Google DeepMind’s new AlphaFold can model a much larger slice of biological life
Google DeepMind has released an improved version of its biology prediction tool, AlphaFold, that can predict the structures not only of proteins but of nearly all the elements of biological life.
It’s a development that could help accelerate drug discovery and other scientific research. The tool is currently being used to experiment with identifying everything from resilient crops to new vaccines.
While the previous model, released in 2020, amazed the research community with its ability to predict proteins structures, researchers have been clamoring for the tool to handle more than just proteins.
Now, DeepMind says, AlphaFold 3 can predict the structures of DNA, RNA, and molecules like ligands, which are essential to drug discovery. DeepMind says the tool provides a more nuanced and dynamic portrait of molecule interactions than anything previously available.
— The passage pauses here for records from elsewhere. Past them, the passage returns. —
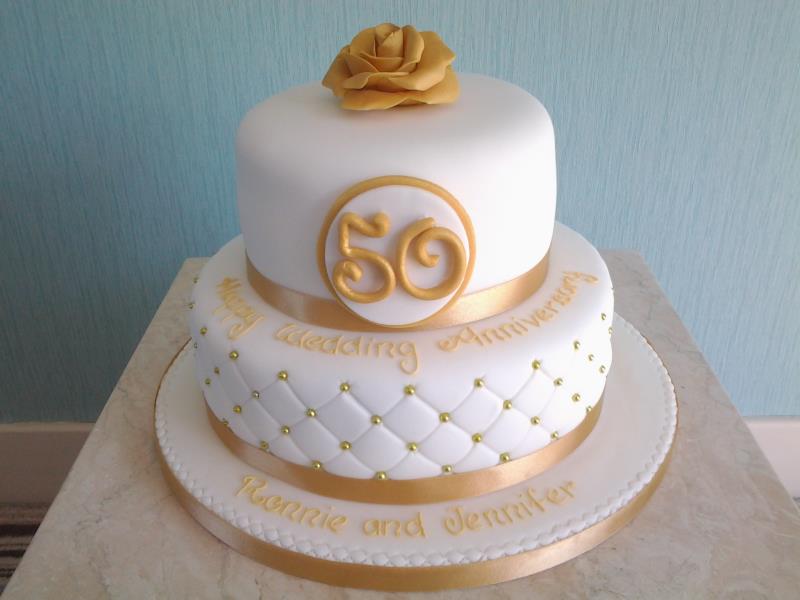 Quilted effect Golden Wedding Anniversary cake for Jennifer & Ronnie in Preston, made from vanilla sponge.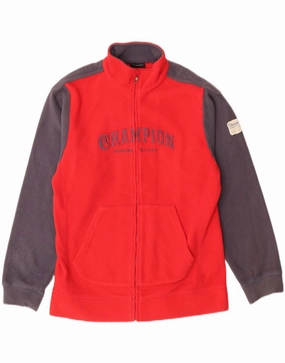 Minimalist CHAMPION Boys Graphic Fleece Jacket 13-14 Years XL Red Colourblock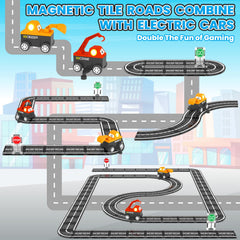 ORZbb road tiles with vehicle base enable realistic road construction play.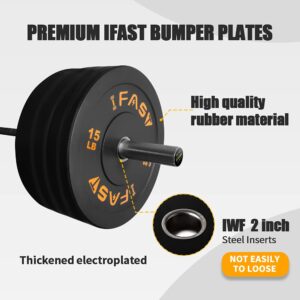 IFAST Home Gym 370LB Olympic Weight Set with 7Ft Olympic Barbell Bar, Bumper Plates Set, 700 lb Weight Capacity Bar with 2” Shaft (370 lbs Weight Set and Bar)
“Biology is a dynamic system,” DeepMind CEO Demis Hassabis told reporters on a call. “Properties of biology emerge through the interactions between different molecules in the cell, and you can think about AlphaFold 3 as our first big sort of step toward [modeling] that.”
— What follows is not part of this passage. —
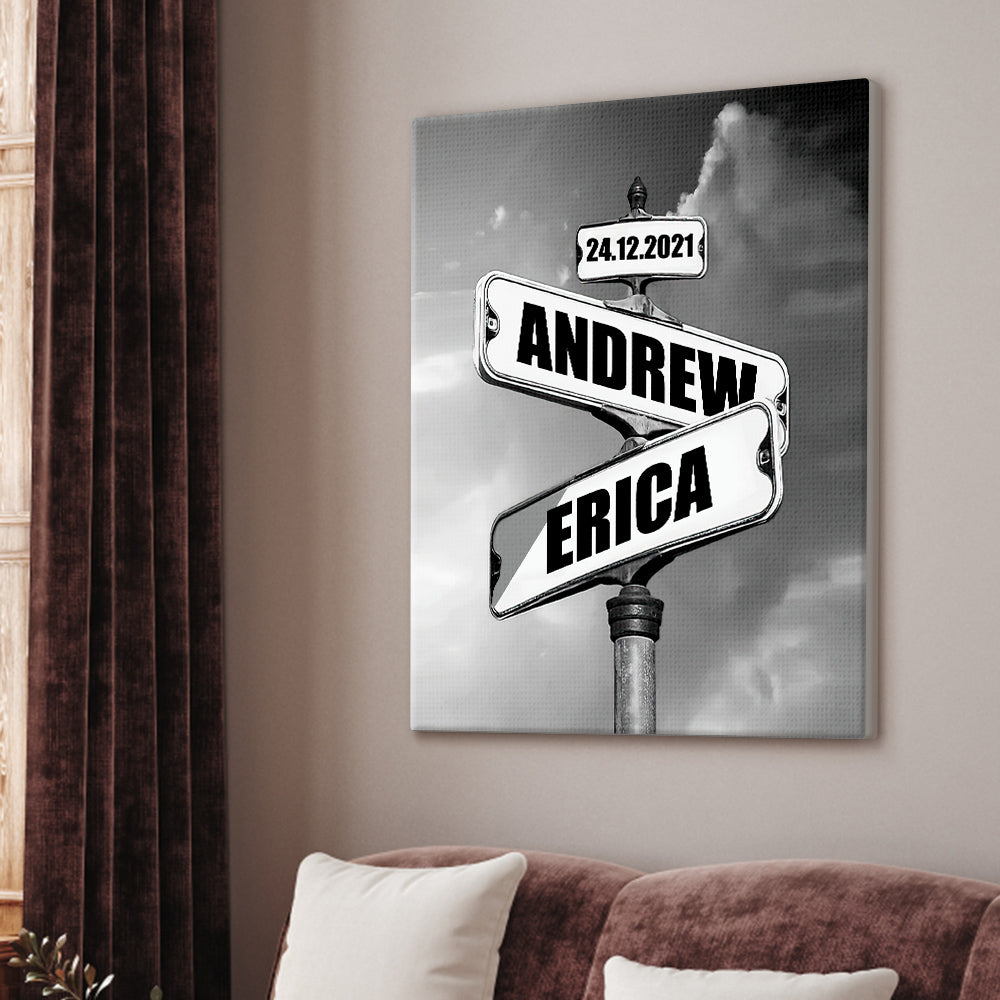 Personalised Name Canvas With Year Date Vintage Crossroad Street Sign Canvas Anniversary Gift For Couples - Gifted Your Way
AlphaFold 2 helped us better map the human heart, model antimicrobial resistance, and identify the eggs of extinct birds, but we don’t yet know what advances AlphaFold 3 will bring.
Mohammed AlQuraishi, an assistant professor of systems biology at Columbia University who is unaffiliated with DeepMind, thinks the new version of the model will be even better for drug discovery. “The AlphaFold 2 system only knew about amino acids, so it was of very limited utility for biopharma,” he says. “But now, the system can in principle predict where a drug binds a protein.”
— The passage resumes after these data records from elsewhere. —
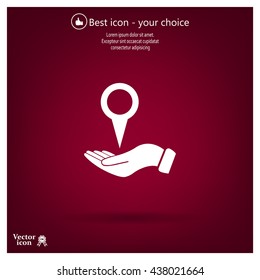 Illustration of wo hands protecting or giving a map mark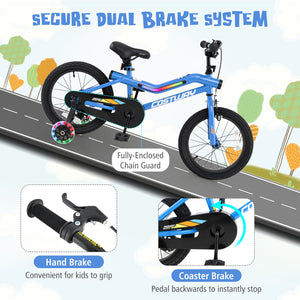 Patented 16 Inch Kids Bike LED Lighted Adjustable with Training Wheels for 4-7 Years Old Kids-16 inches view 6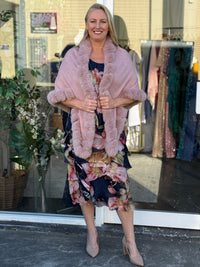 Clyde Blush Blossom Silk Dress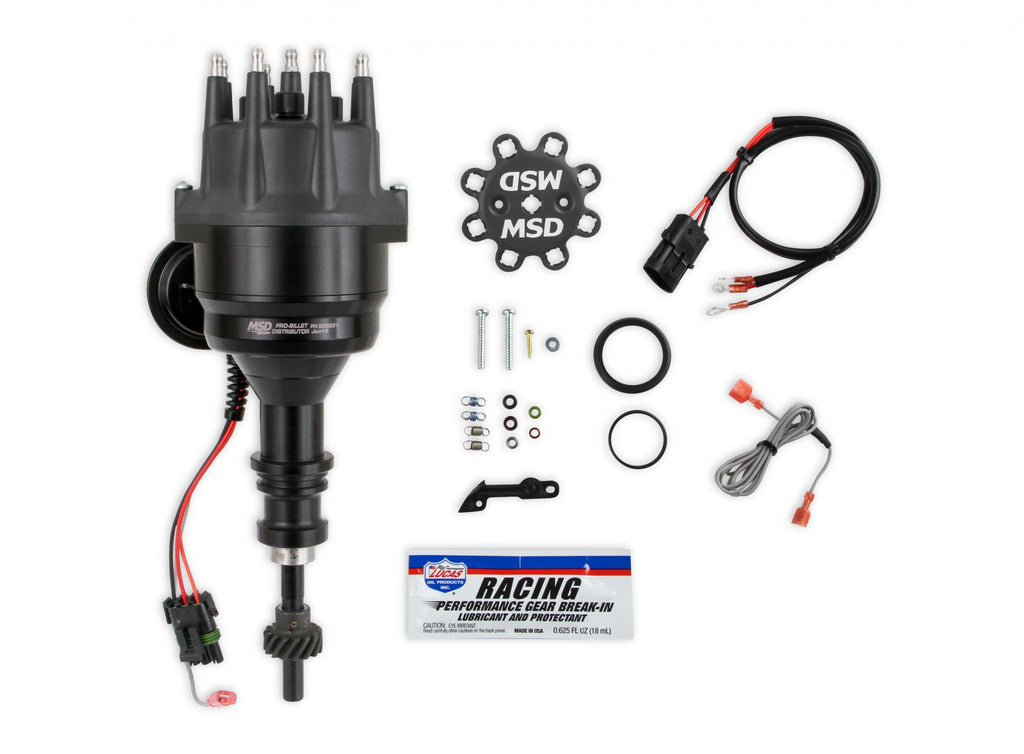 MSD Black Distributor, Ford 289/302, Ready-To-Run, Steel Gear MSD'S Black Distributor With Small Diameter And Ready To Run W/Vacuum Advance And Steel Gear, No Ignition Box Needed MSD Ignition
Isomorphic Labs, a drug discovery spinoff of DeepMind, is already using the model for exactly that purpose, collaborating with pharmaceutical companies to try to develop new treatments for diseases, according to DeepMind.
AlQuraishi says the release marks a big leap forward. But there are caveats.
“It makes the system much more general, and in particular for drug discovery purposes (in early-stage research), it’s far more useful now than AlphaFold 2,” he says. But as with most models, the impact of AlphaFold will depend on how accurate its predictions are. For some uses, AlphaFold 3 has double the success rate of similar leading models like RoseTTAFold. But for others, like protein-RNA interactions, AlQuraishi says it’s still very inaccurate.
DeepMind says that depending on the interaction being modeled, accuracy can range from 40% to over 80%, and the model will let researchers know how confident it is in its prediction. With less accurate predictions, researchers have to use AlphaFold merely as a starting point before pursuing other methods. Regardless of these ranges in accuracy, if researchers are trying to take the first steps toward answering a question like which enzymes have the potential to break down the plastic in water bottles, it’s vastly more efficient to use a tool like AlphaFold than experimental techniques such as x-ray crystallography.
A revamped model
AlphaFold 3’s larger library of molecules and higher level of complexity required improvements to the underlying model architecture. So DeepMind turned to diffusion techniques, which AI researchers have been steadily improving in recent years and now power image and video generators like OpenAI’s DALL-E 2 and Sora. It works by training a model to start with a noisy image and then reduce that noise bit by bit until an accurate prediction emerges. That method allows AlphaFold 3 to handle a much larger set of inputs.
That marked “a big evolution from the previous model,” says John Jumper, director at Google DeepMind. “It really simplified the whole process of getting all these different atoms to work together.”
It also presented new risks. As the AlphaFold 3 paper details, the use of diffusion techniques made it possible for the model to hallucinate, or generate structures that look plausible but in reality could not exist. Researchers reduced that risk by adding more training data to the areas most prone to hallucination, though that doesn’t eliminate the problem completely.
Restricted access
Part of AlphaFold 3’s impact will depend on how DeepMind divvies up access to the model. For AlphaFold 2, the company released the open-source code, allowing researchers to look under the hood to gain a better understanding of how it worked. It was also available for all purposes, including commercial use by drugmakers. For AlphaFold 3, Hassabis said, there are no current plans to release the full code. The company is instead releasing a public interface for the model called the AlphaFold Server, which imposes limitations on which molecules can be experimented with and can only be used for noncommercial purposes. DeepMind says the interface will lower the technical barrier and broaden the use of the tool to biologists who are less knowledgeable about this technology.
The new restrictions are significant, according to AlQuraishi. “The system’s main selling point—its ability to predict protein–small molecule interactions—is basically unavailable for public use,” he says. “It’s mostly a teaser at this point.”